Baca juga: Upah Minimum Tahun 2025 Resmi Naik 6,5 Persen, Berikut Besaran UMP di Jakarta setelah Naik
Sebab, ucap Sarman, berdasarkan Peraturan Pemerintah (PP) Nomor 51 Tahun 2023, penetapan Upah Minimun 2025 akan memakai formula inflasi, pertumbuhan ekonomi, dan indeks tertentu yang disimbolkan dalam bentuk alfa dan kebutuhan hidup layak sesuai dengan keputusan Mahkamah Konstitusi.
"Kami menunggu penjelasan yang lebih komprehensif dari Pemerintah dalam hal ini Kementerian Ketenagakerjaan dari mana angka kenaikan 6,5 persen tersebut," kata Sarman.
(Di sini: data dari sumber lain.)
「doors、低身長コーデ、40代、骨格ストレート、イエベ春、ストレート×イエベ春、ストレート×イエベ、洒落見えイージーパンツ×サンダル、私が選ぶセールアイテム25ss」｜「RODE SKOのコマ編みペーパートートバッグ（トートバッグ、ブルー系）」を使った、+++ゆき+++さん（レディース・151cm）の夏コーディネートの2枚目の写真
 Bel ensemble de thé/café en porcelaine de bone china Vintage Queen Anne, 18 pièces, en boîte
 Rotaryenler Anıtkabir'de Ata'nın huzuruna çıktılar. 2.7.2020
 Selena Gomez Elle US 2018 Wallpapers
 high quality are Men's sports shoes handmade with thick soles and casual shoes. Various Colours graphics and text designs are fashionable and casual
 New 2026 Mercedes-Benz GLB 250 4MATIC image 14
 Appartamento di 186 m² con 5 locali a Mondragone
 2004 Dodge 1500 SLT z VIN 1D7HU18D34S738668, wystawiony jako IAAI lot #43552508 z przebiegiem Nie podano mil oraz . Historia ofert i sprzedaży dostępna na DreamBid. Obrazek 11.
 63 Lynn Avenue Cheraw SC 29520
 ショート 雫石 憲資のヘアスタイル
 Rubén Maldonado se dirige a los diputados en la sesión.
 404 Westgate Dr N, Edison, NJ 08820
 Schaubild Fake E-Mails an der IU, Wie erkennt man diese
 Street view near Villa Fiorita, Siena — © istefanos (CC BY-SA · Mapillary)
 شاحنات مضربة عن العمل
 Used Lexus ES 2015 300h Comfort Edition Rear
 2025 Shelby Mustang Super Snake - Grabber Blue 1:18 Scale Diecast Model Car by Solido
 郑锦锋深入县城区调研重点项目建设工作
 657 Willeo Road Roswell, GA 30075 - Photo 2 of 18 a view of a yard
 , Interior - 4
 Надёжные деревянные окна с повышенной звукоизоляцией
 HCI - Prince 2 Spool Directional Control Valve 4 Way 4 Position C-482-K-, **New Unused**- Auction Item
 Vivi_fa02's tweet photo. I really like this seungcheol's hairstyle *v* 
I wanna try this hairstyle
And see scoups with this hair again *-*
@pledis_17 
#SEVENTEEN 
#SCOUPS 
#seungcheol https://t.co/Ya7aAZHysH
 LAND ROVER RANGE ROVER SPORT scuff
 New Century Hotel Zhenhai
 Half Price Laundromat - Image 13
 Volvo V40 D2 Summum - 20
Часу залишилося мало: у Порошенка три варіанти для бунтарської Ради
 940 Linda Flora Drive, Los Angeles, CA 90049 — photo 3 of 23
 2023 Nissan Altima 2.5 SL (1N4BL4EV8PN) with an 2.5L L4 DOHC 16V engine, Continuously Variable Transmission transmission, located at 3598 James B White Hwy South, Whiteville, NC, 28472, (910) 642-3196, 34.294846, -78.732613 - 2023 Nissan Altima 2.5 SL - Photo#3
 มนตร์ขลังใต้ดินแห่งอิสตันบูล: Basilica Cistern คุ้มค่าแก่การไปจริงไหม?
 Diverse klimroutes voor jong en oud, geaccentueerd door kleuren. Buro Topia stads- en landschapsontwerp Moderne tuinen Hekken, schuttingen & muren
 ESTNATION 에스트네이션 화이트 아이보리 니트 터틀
Kalangan pengusaha merasa tidak dilibatkan dalam merumuskan kenaikan Upah Minimum Provinsi sebesar 6,5 persen tersebut. Karena itu, dia berharap kepada Pemerintah dalam menetapkan kenaikan UMP harus mendengar aspirasi dari pekerja dan pengusaha.
Baca juga: Apindo Keberatan UMP Naik 6,5 Persen, Partai Buruh Kompromistis: Angkanya Sudah Lampaui Inflasi
"Karena yang akan menanggung kenaikan UMP itu adalah pengusaha, sehingga memang aspirasi pelaku usaha juga perlu didengarkan oleh Pemerintah sebelum menetapkan besaran kenaikan UMP," terang Sarman.
Kalangan pengusaha berharap kenaikan UMP memperhatikan kondisi ekonomi nasional saat ini dan kondisi geopolitik dunia serta daya beli masyarakat yang saat ini masih belum stabil.
Sebelumnya, Presiden Prabowo Subianto mengumumkan kenaikan UMP untuk tahun 2025 sebesar 6,5 persen.
Keputusan tersebut diambil setelah rapat terbatas bersama Menteri Keuangan Sri Mulyani, Menteri Koordinator Bidang Perekonomian Airlangga Hartarto, Menteri Pemberdayaan Masyarakat Muhaimin Iskandar, dan Menteri Ketenagakerjaan Yassierli di Kantor Presiden, kompleks Istana Kepresidenan Jakarta.
Pemerintah mengupayakan aturan teknis kebijakan tersebut segera diterbitkan. Menteri Menteri Ketenagakerjaan Yassierli menyampaikan, aturan kenaikan UMP akan dimuat dalam peraturan menaker (Permenaker). Dia berupaya aturan tersebut dikeluarkan pada pekan pertama Desember 2024.
"Saya tidak bisa janjikan ya mungkin sebelum Rabu kita sudah keluar. Permenaker," ujar Yassierli.
Yassierli menyampaikan alasan pihaknya mengupayakan aturan teknis kenaikan UMP 2025 dikeluarkan dalam waktu cepat. Pemerintah ingin kebijakan tersebut diterapkan pemerintah daerah sebelum 25 Desember.